*Work to complete*. Your answer should hold only the lines from the start of the data below through the line with "Lululemon mesh back racerback sports bra", copied exactly, with pictures left out.

Short web captions:

##############################

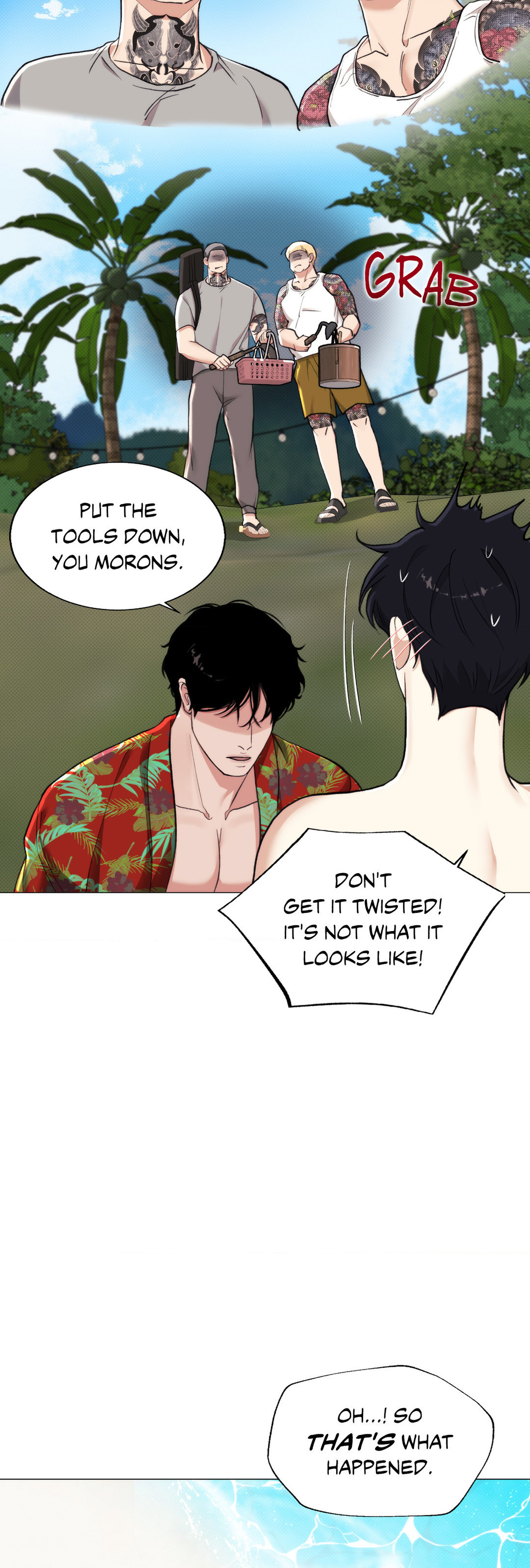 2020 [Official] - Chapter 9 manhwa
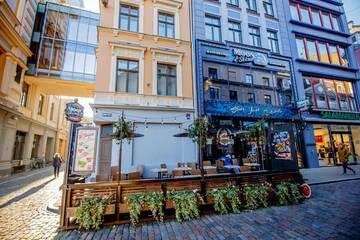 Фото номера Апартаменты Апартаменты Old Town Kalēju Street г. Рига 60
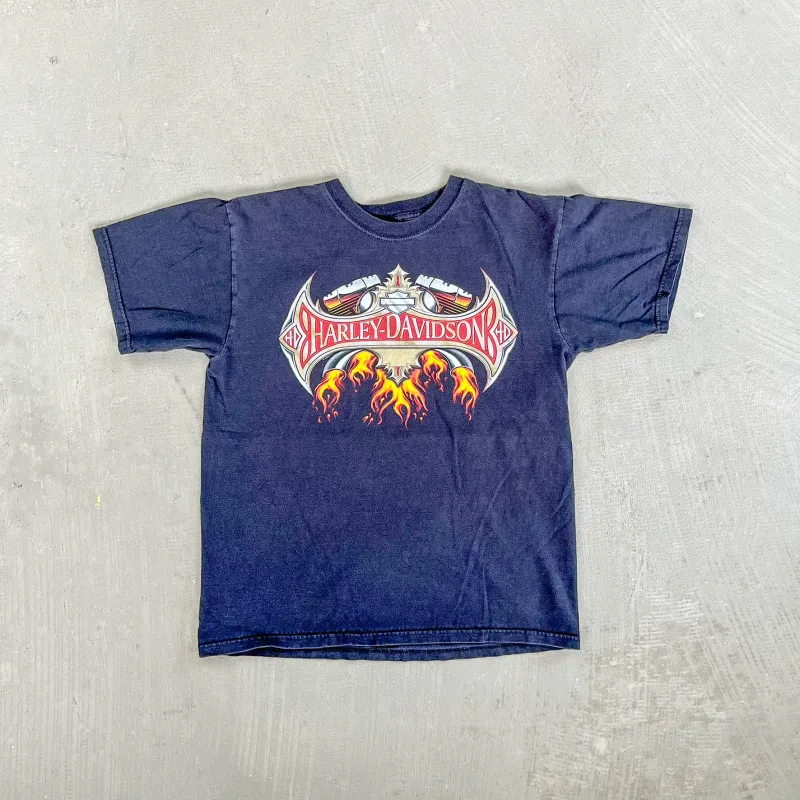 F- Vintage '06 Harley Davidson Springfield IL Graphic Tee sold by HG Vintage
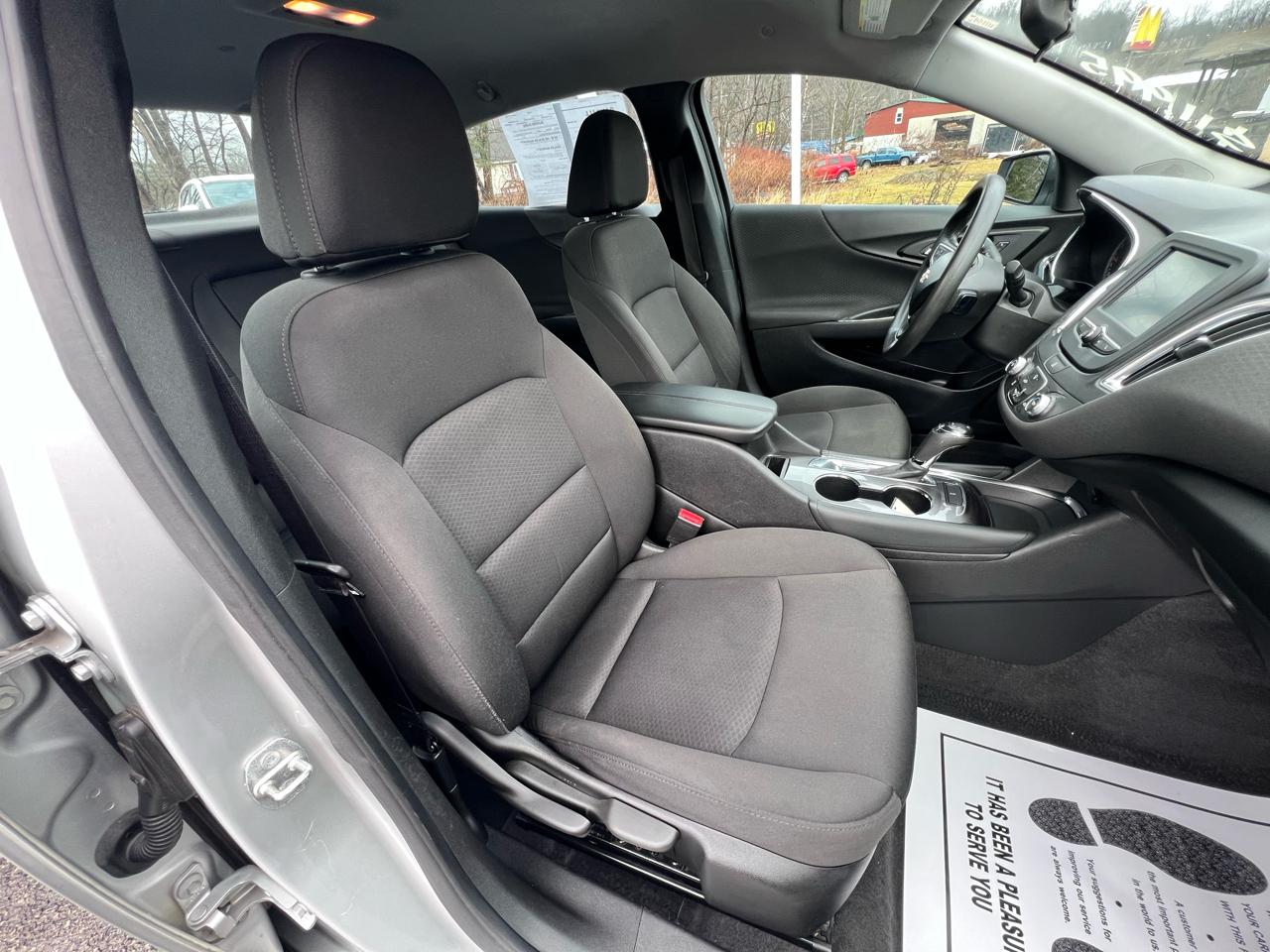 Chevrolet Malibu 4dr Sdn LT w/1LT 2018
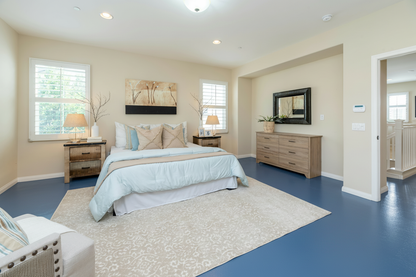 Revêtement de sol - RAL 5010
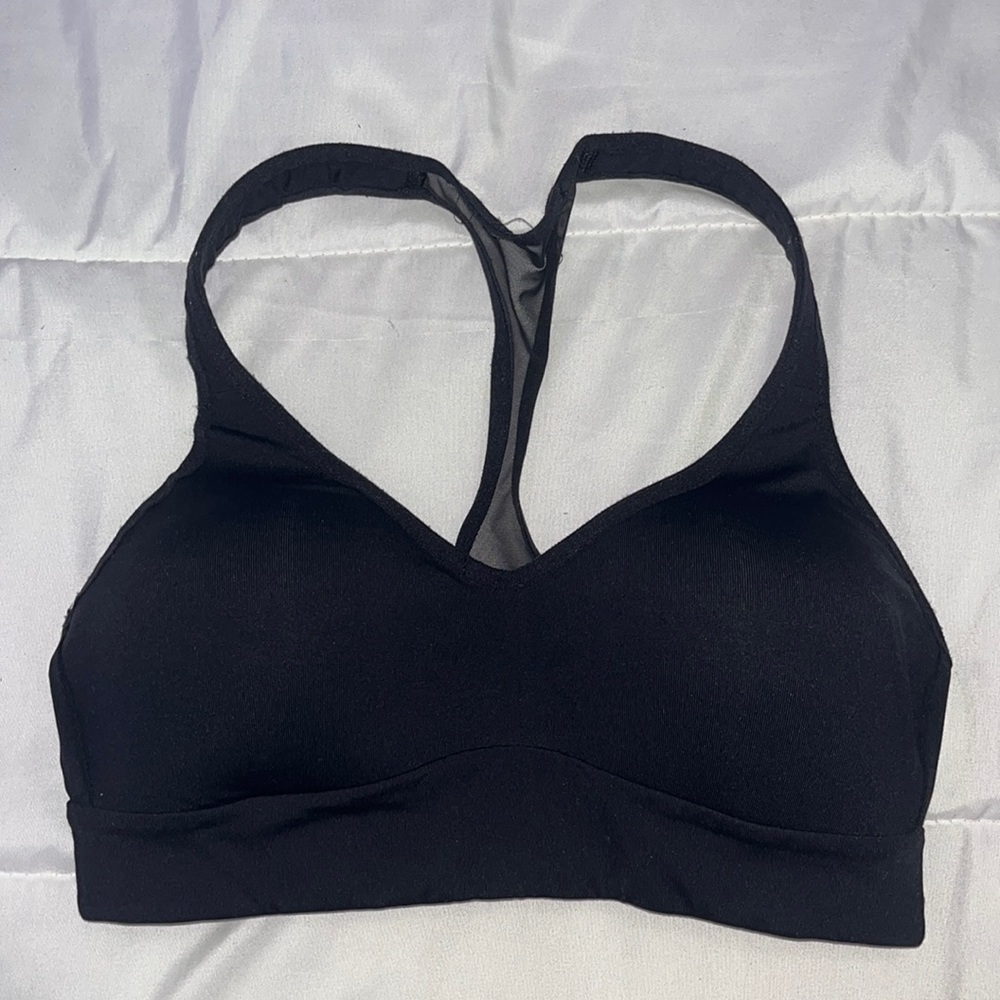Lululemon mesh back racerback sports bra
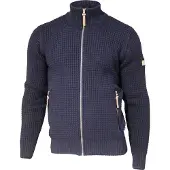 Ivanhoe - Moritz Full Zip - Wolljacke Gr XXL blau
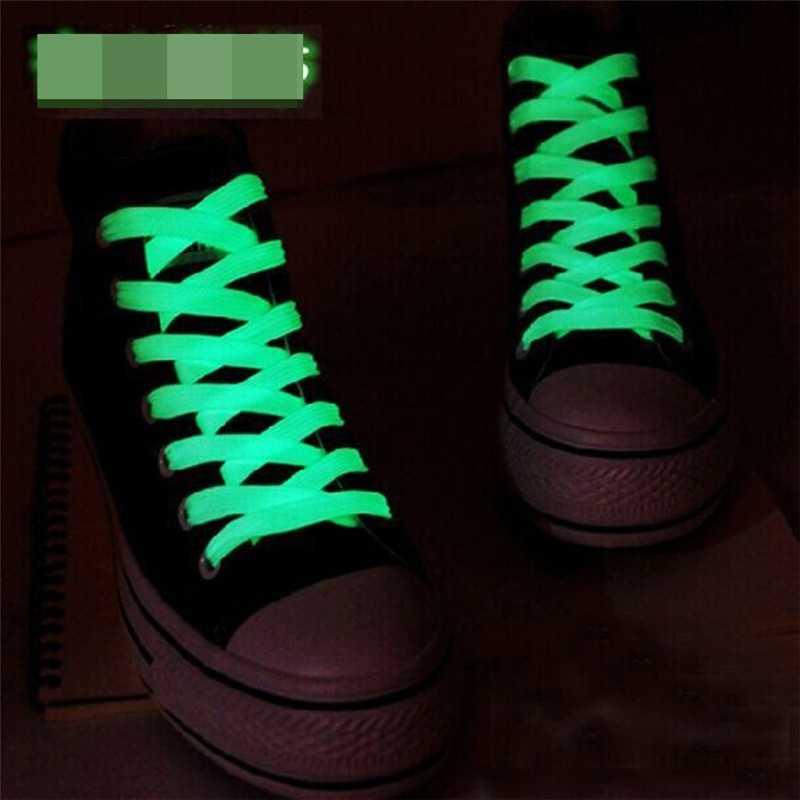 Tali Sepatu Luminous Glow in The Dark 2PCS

##############################

*Response to this exercise*.
 2020 [Official] - Chapter 9 manhwa
 Фото номера Апартаменты Апартаменты Old Town Kalēju Street г. Рига 60
 F- Vintage '06 Harley Davidson Springfield IL Graphic Tee sold by HG Vintage
 Chevrolet Malibu 4dr Sdn LT w/1LT 2018
 Revêtement de sol - RAL 5010
Lululemon mesh back racerback sports bra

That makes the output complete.